When we choose to live the way God guides us, even in the little things, we set ourselves up to see Him do some crazy awesome stuff. The challenge is, not every fiery furnace story leads to a happy ending with a miracle. Some of them just end in fire. That’s why it’s so scary. There’s not a guarantee that we will receive compensation for our obedience while we are alive. The promises extend beyond this lifetime. This is why faith is hard. If we knew we would never feel the heat of those flames, then the choice would be easy. 

I don’t know what fires you may be facing today, but trust that as the three young men in this story, God is with you. Choosing Jesus’ way is not always easy, but it is the life that leads to miracles. 

Saturday, October 6, 2018

A Good Friend is Hard to Find

by Andrew Cromwell

It has been said that a good friend is someone who walks in when everyone is walking out. They are someone who not only sees through you, but is determined to see you through the tough spots in life.

Don’t we all want friends like that?

Shallow friendship is easy. It just doesn’t take much effort. Every time I walk into an elevator and say “hi”, I’ve made another shallow friend. We remark pleasantly about the weather, say things like “how long are you in town” or even, “where are you from?”. Shallow friends like your social media posts and might even make a comment or two, but that’s as far as things go.

No one needs instructions on how to make shallow friends. As a matter of fact, I have a few shallow friends that I’ll happily hand off to you if you’re interested!

Deep, meaningful friendships, on the other hand, are hard to come by. That’s because real friendships take time, energy, and effort. Most of us can think of a friendship that used to be close but is now cold and distant.

Why? Usually it is because the cost of maintaining the friendship was more than we were willing to pay.

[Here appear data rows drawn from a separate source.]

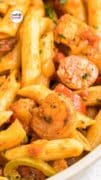 Zoomed in picture of a bowl filled with Cajun Jambalaya Pasta with shrimp and sausage.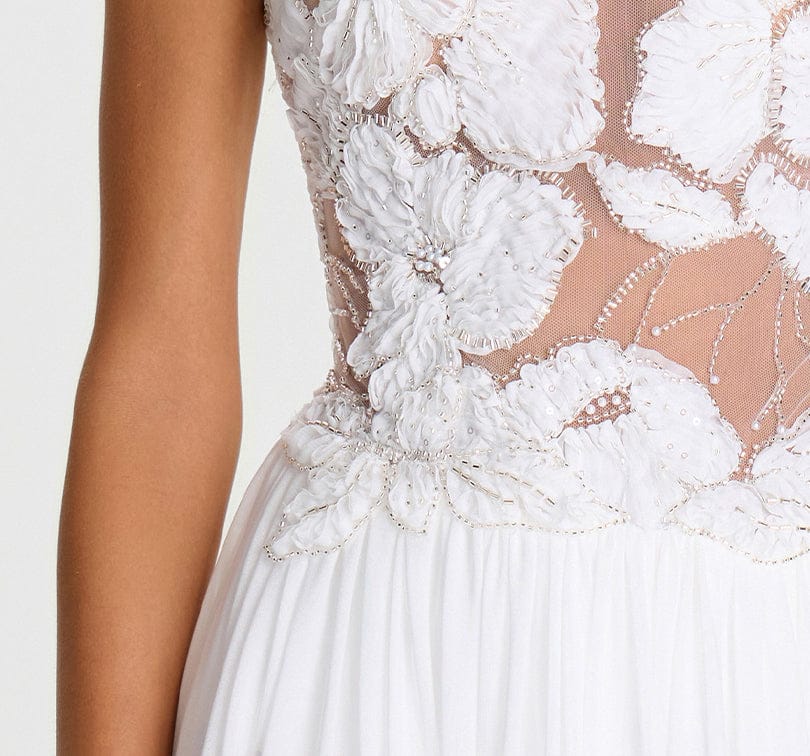 Close-up of a white floral embroidered dress on a plain background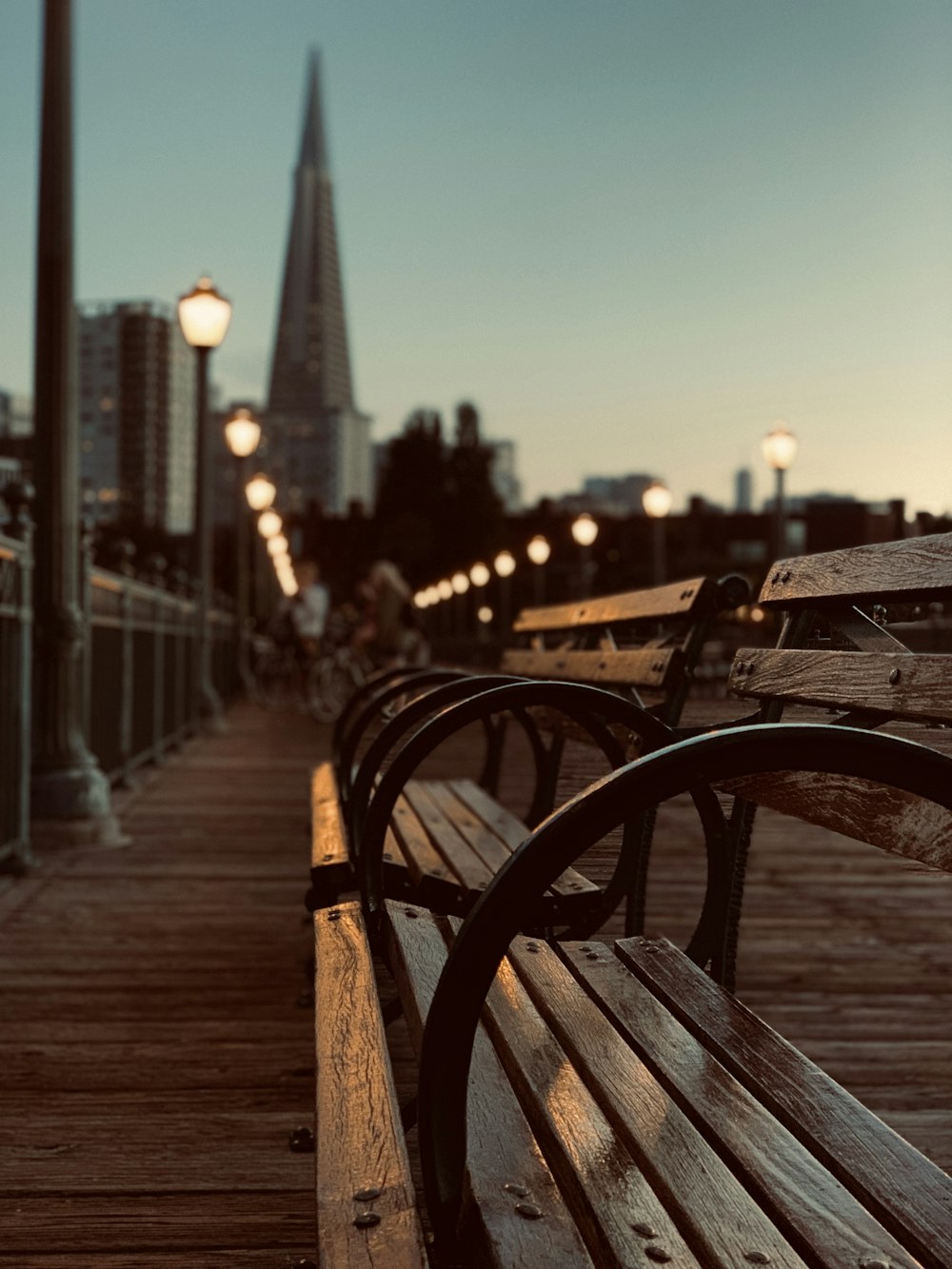 a row of wooden benches sitting next to each other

That friend moved out of the area and we didn’t make the effort to call or keep calling. Or perhaps, one or both of us stopped doing the activity that gave us an excuse to spend time together, and we never took the time to find another reason to connect. There are so very many reasons why we drifted apart, but at the end of the day, we weren’t willing to pay the price to keep growing closer. And so we drifted apart.

Real friendship takes effort. It requires investment. You have to be willing to rearrange your schedule, go out of your way, push through inconvenience, and make relationship building a priority.

If you want powerful relationships, then you have to be willing to pay the price. King Solomon said if you want to have friends, you have to be friendly. That means you have to make time. You have to be willing to engage in a person’s life, care about what they care about, and show up when it matters. You have to decide to love people even when you see them at their worst instead of making your friendship conditional on their behavior or performance.

Do you want people to tell the the truth at your funeral, or do you want them to lie and tell a nice story? The way you invest in your relationships today, will decide the answer to that question.

Above all, we must remember that there is one person — Jesus Christ — who chose to love us unconditionally even though He knew everything about us. It is His love and acceptance that serves as the model for how we all do our friendships.